(Beginning of Material for this task)

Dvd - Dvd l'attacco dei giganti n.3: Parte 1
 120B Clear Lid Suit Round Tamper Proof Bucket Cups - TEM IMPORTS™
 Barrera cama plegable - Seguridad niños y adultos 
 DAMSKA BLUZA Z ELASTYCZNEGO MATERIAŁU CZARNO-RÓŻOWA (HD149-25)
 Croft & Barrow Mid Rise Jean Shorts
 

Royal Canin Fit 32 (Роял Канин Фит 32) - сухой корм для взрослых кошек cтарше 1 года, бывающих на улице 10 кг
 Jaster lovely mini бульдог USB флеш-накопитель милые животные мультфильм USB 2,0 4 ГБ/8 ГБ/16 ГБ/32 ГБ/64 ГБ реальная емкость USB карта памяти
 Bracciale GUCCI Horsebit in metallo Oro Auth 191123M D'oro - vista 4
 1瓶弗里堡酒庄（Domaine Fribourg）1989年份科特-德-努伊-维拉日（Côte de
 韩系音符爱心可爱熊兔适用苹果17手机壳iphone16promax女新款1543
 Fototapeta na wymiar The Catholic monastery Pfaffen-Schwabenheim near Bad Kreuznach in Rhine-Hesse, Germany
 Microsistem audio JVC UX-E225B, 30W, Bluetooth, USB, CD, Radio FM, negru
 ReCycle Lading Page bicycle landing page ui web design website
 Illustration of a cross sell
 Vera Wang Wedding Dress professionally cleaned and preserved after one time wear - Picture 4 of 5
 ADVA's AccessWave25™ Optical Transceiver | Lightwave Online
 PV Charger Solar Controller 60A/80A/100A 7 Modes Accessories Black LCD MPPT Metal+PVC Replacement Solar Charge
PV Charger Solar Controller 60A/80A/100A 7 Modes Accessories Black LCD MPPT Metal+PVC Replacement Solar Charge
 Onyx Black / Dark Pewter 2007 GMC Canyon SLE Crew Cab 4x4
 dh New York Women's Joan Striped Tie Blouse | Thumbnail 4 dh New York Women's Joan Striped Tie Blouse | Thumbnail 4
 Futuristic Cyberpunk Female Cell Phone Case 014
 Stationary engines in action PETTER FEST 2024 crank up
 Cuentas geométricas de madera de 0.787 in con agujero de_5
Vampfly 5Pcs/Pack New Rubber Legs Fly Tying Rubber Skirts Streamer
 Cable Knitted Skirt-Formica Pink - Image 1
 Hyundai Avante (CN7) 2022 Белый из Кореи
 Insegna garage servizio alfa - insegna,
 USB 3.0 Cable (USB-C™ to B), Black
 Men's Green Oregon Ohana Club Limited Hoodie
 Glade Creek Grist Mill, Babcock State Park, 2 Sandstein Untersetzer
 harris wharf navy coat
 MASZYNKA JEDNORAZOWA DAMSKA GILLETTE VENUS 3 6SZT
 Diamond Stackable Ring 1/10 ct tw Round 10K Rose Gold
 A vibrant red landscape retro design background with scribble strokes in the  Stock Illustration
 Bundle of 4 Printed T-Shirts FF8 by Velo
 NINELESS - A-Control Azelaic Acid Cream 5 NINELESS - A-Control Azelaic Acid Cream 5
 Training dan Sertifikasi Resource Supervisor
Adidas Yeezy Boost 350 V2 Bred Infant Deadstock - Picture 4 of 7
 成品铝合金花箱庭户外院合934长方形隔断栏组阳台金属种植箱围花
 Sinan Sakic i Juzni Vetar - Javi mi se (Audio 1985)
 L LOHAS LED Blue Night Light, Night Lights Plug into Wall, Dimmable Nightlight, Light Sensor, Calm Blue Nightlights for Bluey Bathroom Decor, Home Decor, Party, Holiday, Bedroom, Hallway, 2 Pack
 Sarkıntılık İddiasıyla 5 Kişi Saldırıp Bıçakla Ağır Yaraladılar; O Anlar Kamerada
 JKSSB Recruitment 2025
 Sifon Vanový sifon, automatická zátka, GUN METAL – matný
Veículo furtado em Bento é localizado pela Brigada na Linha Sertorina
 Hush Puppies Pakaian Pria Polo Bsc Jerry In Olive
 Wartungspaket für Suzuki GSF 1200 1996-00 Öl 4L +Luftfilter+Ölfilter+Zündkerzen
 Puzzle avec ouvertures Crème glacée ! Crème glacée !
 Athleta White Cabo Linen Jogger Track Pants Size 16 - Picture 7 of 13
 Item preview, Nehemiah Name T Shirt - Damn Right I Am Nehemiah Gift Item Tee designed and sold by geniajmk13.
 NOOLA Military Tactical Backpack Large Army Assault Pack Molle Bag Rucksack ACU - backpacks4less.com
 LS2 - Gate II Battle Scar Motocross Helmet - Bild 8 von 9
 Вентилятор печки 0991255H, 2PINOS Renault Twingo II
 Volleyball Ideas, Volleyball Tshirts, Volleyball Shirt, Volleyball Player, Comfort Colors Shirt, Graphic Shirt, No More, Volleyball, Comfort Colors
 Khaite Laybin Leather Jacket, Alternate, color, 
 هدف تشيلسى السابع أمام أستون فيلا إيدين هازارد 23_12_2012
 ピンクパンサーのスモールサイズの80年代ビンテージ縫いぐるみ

(End of Material for this task)

(Directions for this task) Write out every record exactly as it appears above.

(Finished task)
Dvd - Dvd l'attacco dei giganti n.3: Parte 1
 120B Clear Lid Suit Round Tamper Proof Bucket Cups - TEM IMPORTS™
 Barrera cama plegable - Seguridad niños y adultos 
 DAMSKA BLUZA Z ELASTYCZNEGO MATERIAŁU CZARNO-RÓŻOWA (HD149-25)
 Croft & Barrow Mid Rise Jean Shorts
 

Royal Canin Fit 32 (Роял Канин Фит 32) - сухой корм для взрослых кошек cтарше 1 года, бывающих на улице 10 кг
 Jaster lovely mini бульдог USB флеш-накопитель милые животные мультфильм USB 2,0 4 ГБ/8 ГБ/16 ГБ/32 ГБ/64 ГБ реальная емкость USB карта памяти
 Bracciale GUCCI Horsebit in metallo Oro Auth 191123M D'oro - vista 4
 1瓶弗里堡酒庄（Domaine Fribourg）1989年份科特-德-努伊-维拉日（Côte de
 韩系音符爱心可爱熊兔适用苹果17手机壳iphone16promax女新款1543
 Fototapeta na wymiar The Catholic monastery Pfaffen-Schwabenheim near Bad Kreuznach in Rhine-Hesse, Germany
 Microsistem audio JVC UX-E225B, 30W, Bluetooth, USB, CD, Radio FM, negru
 ReCycle Lading Page bicycle landing page ui web design website
 Illustration of a cross sell
 Vera Wang Wedding Dress professionally cleaned and preserved after one time wear - Picture 4 of 5
 ADVA's AccessWave25™ Optical Transceiver | Lightwave Online
 PV Charger Solar Controller 60A/80A/100A 7 Modes Accessories Black LCD MPPT Metal+PVC Replacement Solar Charge
PV Charger Solar Controller 60A/80A/100A 7 Modes Accessories Black LCD MPPT Metal+PVC Replacement Solar Charge
 Onyx Black / Dark Pewter 2007 GMC Canyon SLE Crew Cab 4x4
 dh New York Women's Joan Striped Tie Blouse | Thumbnail 4 dh New York Women's Joan Striped Tie Blouse | Thumbnail 4
 Futuristic Cyberpunk Female Cell Phone Case 014
 Stationary engines in action PETTER FEST 2024 crank up
 Cuentas geométricas de madera de 0.787 in con agujero de_5
Vampfly 5Pcs/Pack New Rubber Legs Fly Tying Rubber Skirts Streamer
 Cable Knitted Skirt-Formica Pink - Image 1
 Hyundai Avante (CN7) 2022 Белый из Кореи
 Insegna garage servizio alfa - insegna,
 USB 3.0 Cable (USB-C™ to B), Black
 Men's Green Oregon Ohana Club Limited Hoodie
 Glade Creek Grist Mill, Babcock State Park, 2 Sandstein Untersetzer
 harris wharf navy coat
 MASZYNKA JEDNORAZOWA DAMSKA GILLETTE VENUS 3 6SZT
 Diamond Stackable Ring 1/10 ct tw Round 10K Rose Gold
 A vibrant red landscape retro design background with scribble strokes in the  Stock Illustration
 Bundle of 4 Printed T-Shirts FF8 by Velo
 NINELESS - A-Control Azelaic Acid Cream 5 NINELESS - A-Control Azelaic Acid Cream 5
 Training dan Sertifikasi Resource Supervisor
Adidas Yeezy Boost 350 V2 Bred Infant Deadstock - Picture 4 of 7
 成品铝合金花箱庭户外院合934长方形隔断栏组阳台金属种植箱围花
 Sinan Sakic i Juzni Vetar - Javi mi se (Audio 1985)
 L LOHAS LED Blue Night Light, Night Lights Plug into Wall, Dimmable Nightlight, Light Sensor, Calm Blue Nightlights for Bluey Bathroom Decor, Home Decor, Party, Holiday, Bedroom, Hallway, 2 Pack
 Sarkıntılık İddiasıyla 5 Kişi Saldırıp Bıçakla Ağır Yaraladılar; O Anlar Kamerada
 JKSSB Recruitment 2025
 Sifon Vanový sifon, automatická zátka, GUN METAL – matný
Veículo furtado em Bento é localizado pela Brigada na Linha Sertorina
 Hush Puppies Pakaian Pria Polo Bsc Jerry In Olive
 Wartungspaket für Suzuki GSF 1200 1996-00 Öl 4L +Luftfilter+Ölfilter+Zündkerzen
 Puzzle avec ouvertures Crème glacée ! Crème glacée !
 Athleta White Cabo Linen Jogger Track Pants Size 16 - Picture 7 of 13
 Item preview, Nehemiah Name T Shirt - Damn Right I Am Nehemiah Gift Item Tee designed and sold by geniajmk13.
 NOOLA Military Tactical Backpack Large Army Assault Pack Molle Bag Rucksack ACU - backpacks4less.com
 LS2 - Gate II Battle Scar Motocross Helmet - Bild 8 von 9
 Вентилятор печки 0991255H, 2PINOS Renault Twingo II
 Volleyball Ideas, Volleyball Tshirts, Volleyball Shirt, Volleyball Player, Comfort Colors Shirt, Graphic Shirt, No More, Volleyball, Comfort Colors
 Khaite Laybin Leather Jacket, Alternate, color, 
 هدف تشيلسى السابع أمام أستون فيلا إيدين هازارد 23_12_2012
 ピンクパンサーのスモールサイズの80年代ビンテージ縫いぐるみ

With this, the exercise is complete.